Supplied information |
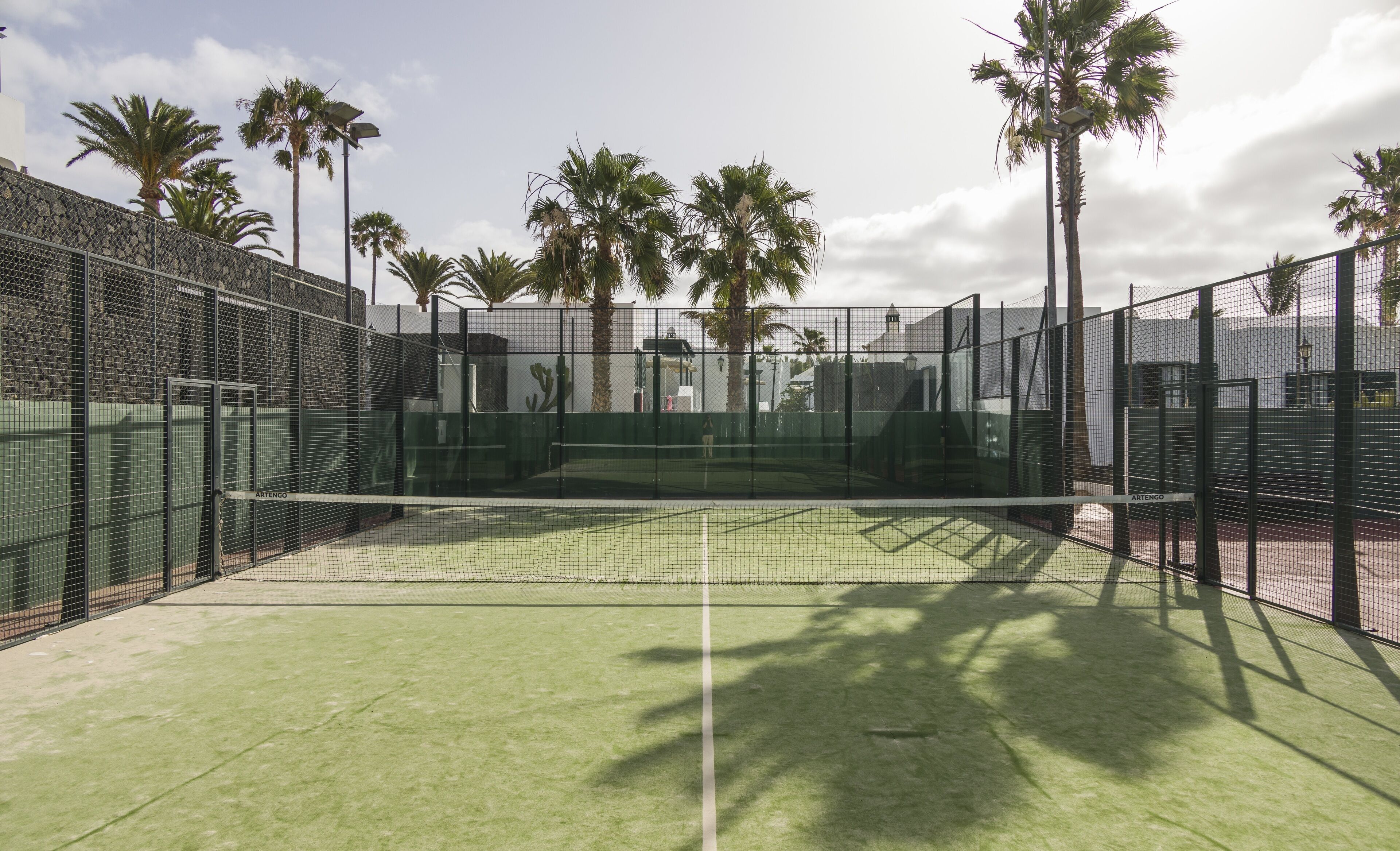 An outdoor tennis court with a net, surrounded by a metal fence and palm trees.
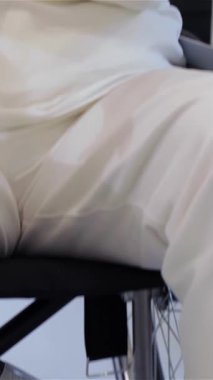 Üst düzey bir beyaz kadın parlak, modern bir rehabilitasyon odasında etrafındakileri yansıtırken düşünceli bakışları aşağıya doğru çevrilmiş parlak bir tekerlekli sandalyede oturuyor. Yumuşak, ortam aydınlatması onun nazik özelliklerini vurgulayarak, bir huzur yaratıyor.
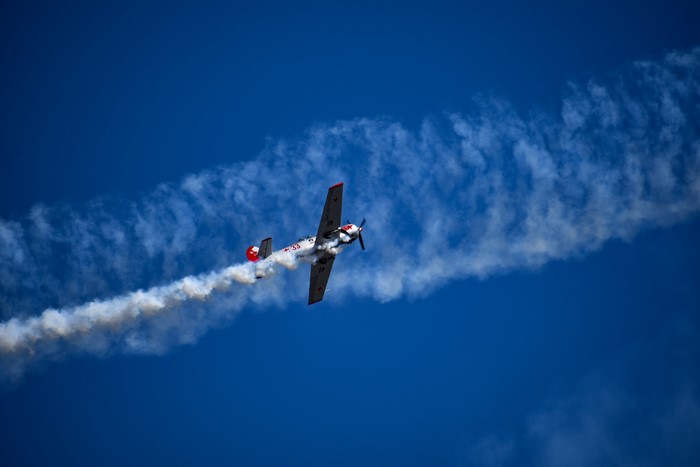 Airplane performing aerobatics with smoke trail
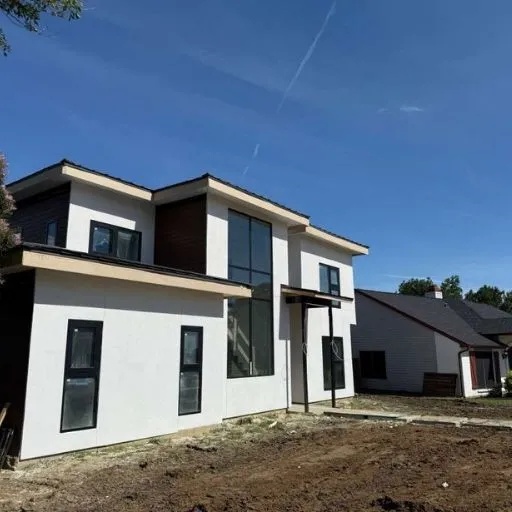 A striking contemporary home exterior with white stucco, dark accents, and large windows, part of a new construction project in Dallas, showcasing modern architecture.
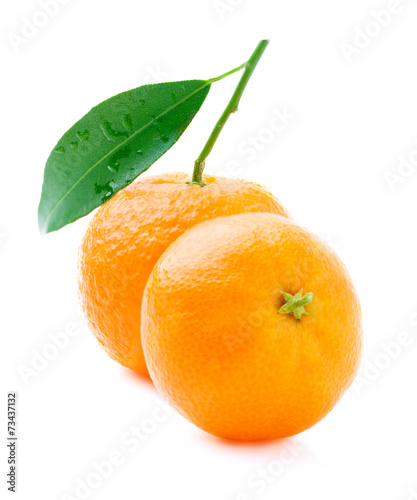 Ripe tangerine with leaf.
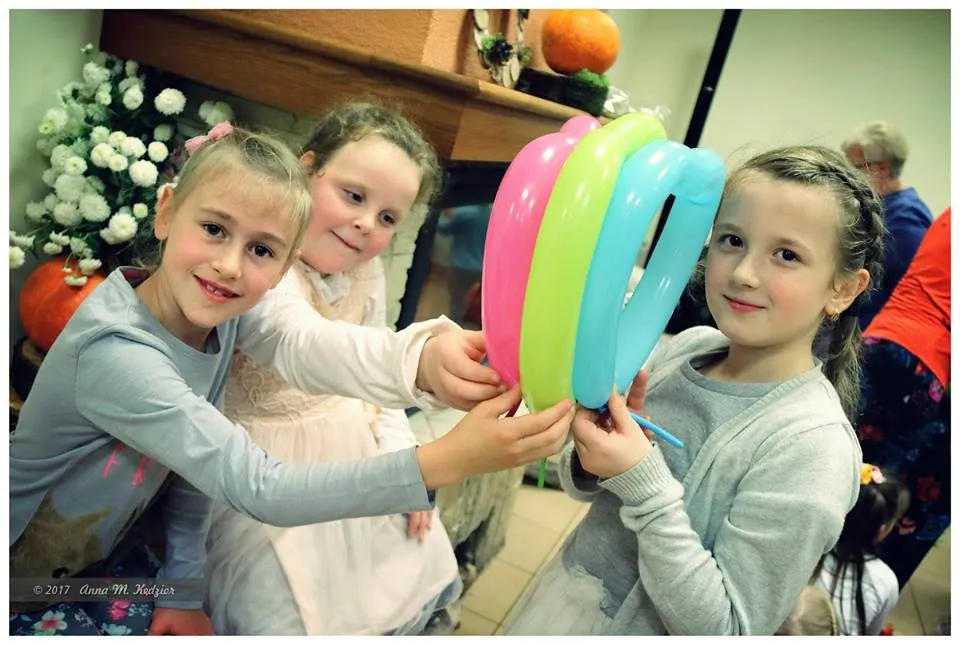 Zdjęcie przedstawia dzieci trzymające przedmioty w kształcie serc w kolorach różowym, żółtym i niebieskim.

Exercise directions | An exact copy of every entry above is needed, with the pictures left out.

Exercise result |
 An outdoor tennis court with a net, surrounded by a metal fence and palm trees.
 Üst düzey bir beyaz kadın parlak, modern bir rehabilitasyon odasında etrafındakileri yansıtırken düşünceli bakışları aşağıya doğru çevrilmiş parlak bir tekerlekli sandalyede oturuyor. Yumuşak, ortam aydınlatması onun nazik özelliklerini vurgulayarak, bir huzur yaratıyor.
 Airplane performing aerobatics with smoke trail
 A striking contemporary home exterior with white stucco, dark accents, and large windows, part of a new construction project in Dallas, showcasing modern architecture.
 Ripe tangerine with leaf.
 Zdjęcie przedstawia dzieci trzymające przedmioty w kształcie serc w kolorach różowym, żółtym i niebieskim.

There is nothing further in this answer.